Alain Resplandy-Bernard, dans les bureaux en flex office de la Direction de l’immobilier de l’Etat (DIE) à Bercy, le 15 octobre 2024.

Dans quelle mesure le projet de loi de finances (PLF) pour 2025 va-t-il freiner votre activité ?

Il y aura certes un ralentissement, mais nous continuerons à investir. Le programme 348 du PLF doté de 710M€ d’autorisations d’engagement (qui peuvent s’échelonner sur plusieurs années, NDLR) et 528M€ de crédits (à dépenser en 2025, NDLR) nous permet en effet de prolonger notre action. Il s’agit à la fois de poursuivre les chantiers en cours, comme la rénovation de la cité administrative de Nanterre (Hauts-de-Seine) qui fait l’objet actuellement d’appels d’offres, et d’en lancer de nouveaux, principalement de rénovation thermique, dans la continuité du plan de relance de 2020. D’autres crédits portent sur la réforme structurelle de l’Etat et de ses opérateurs, qui se traduit par une réduction de l’empreinte immobilière.

Justement, l’Etat doit libérer 25% de ses surfaces de bureaux entre 2023 et 2033. Où en êtes-vous ?

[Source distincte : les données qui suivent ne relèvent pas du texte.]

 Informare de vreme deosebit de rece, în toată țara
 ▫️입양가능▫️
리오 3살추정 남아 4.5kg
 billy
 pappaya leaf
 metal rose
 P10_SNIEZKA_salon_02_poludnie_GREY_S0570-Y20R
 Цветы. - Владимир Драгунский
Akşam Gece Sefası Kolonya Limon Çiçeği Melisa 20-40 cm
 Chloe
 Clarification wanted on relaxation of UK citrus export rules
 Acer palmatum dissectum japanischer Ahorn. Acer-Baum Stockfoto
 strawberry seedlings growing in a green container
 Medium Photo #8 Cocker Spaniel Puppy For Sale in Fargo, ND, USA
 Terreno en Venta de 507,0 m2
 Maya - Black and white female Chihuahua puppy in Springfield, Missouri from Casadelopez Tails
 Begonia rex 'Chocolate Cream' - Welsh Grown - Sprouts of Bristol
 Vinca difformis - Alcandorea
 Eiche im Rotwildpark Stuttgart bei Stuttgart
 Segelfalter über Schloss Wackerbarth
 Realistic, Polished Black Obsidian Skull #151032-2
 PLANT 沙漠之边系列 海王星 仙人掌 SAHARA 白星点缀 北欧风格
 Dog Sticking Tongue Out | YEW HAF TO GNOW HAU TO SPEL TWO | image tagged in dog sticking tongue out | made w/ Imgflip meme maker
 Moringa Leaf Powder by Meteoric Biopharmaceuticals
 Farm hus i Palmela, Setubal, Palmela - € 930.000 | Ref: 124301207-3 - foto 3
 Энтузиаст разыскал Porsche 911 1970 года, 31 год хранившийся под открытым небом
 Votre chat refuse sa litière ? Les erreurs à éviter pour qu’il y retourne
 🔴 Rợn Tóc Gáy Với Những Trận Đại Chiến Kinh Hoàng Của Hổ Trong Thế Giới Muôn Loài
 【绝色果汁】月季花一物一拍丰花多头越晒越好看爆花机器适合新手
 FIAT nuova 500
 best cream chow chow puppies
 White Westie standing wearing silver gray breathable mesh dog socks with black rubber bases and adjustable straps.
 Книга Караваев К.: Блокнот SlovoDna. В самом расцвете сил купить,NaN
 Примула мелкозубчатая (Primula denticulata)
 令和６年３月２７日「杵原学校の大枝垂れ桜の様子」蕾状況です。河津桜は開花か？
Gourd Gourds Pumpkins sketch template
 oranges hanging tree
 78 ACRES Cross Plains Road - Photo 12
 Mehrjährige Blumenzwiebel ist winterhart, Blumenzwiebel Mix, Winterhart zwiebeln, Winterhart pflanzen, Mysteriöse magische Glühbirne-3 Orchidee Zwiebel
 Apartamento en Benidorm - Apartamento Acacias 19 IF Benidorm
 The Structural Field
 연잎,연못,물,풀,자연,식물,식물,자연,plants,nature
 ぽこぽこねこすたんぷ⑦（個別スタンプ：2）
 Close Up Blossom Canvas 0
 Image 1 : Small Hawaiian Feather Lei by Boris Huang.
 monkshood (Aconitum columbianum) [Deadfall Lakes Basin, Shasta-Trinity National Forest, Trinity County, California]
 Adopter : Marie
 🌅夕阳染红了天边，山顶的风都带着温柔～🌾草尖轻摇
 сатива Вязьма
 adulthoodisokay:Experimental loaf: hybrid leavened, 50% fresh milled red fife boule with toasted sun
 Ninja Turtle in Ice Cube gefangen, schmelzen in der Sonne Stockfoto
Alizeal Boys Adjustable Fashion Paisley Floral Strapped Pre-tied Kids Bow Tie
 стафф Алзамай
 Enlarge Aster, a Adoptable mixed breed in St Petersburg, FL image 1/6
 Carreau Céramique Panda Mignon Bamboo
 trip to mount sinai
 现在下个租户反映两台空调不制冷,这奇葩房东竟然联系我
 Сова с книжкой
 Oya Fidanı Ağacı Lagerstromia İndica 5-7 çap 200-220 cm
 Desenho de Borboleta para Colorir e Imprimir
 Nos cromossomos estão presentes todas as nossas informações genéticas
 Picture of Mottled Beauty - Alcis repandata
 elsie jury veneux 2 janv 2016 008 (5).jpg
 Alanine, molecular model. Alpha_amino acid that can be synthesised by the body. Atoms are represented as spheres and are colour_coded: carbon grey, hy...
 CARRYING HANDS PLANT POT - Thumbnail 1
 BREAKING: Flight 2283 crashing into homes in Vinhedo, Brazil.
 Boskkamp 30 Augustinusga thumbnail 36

Il est trop tôt pour faire un point d’étape, notamment parce qu’une cession de site prend plusieurs années, après sa libération. Pour vous donner une idée : en 2023, nous avons cédé 645 biens pour un total de 279 M€. Ce qui a changé depuis l’annonce il y a un an de cet objectif, c’est que des bâtiments ont été ciblés par nos schémas directeurs immobiliers régionaux, tout juste validés. Ceux-ci prévoient une réduction de 12,5% des surfaces de bureaux de 2024 à 2028.

Outre la vente de sites domaniaux, quels leviers allez-vous actionner ?

En dix ans, nous devons passer d’une densité moyenne de 25 m² à 16 m² par agent

La résiliation de baux, sur six ou neuf ans, avec des foncières privées ou des collectivités, nous permettra de libérer la moitié des surfaces visées. Ensuite, il y a le flex office, dans les bâtiments qui nous appartiennent. Nous y allons progressivement depuis 2020, à commencer par notre direction elle-même, avec un taux de 0,8 poste par agent, contre 0,65 en moyenne pour le marché. C’est ce qui rend ce changement acceptable. La majorité des administrations appliquent encore leur schéma très hiérarchique à l’échelle du bâtiment. Il faut casser ce modèle, tout en respectant les cultures de chaque institution. En dix ans, nous devons passer d’une densité moyenne de 25 m² à 16 m² par agent. Cela peut sembler généreux vu du privé, mais nous avons des spécificités : locaux techniques pour les forces de sécurité intérieure, salle de réception des ambassades…

Dans le cadre de votre politique de cessions, pourquoi ne privilégiez-vous pas les bailleurs sociaux ?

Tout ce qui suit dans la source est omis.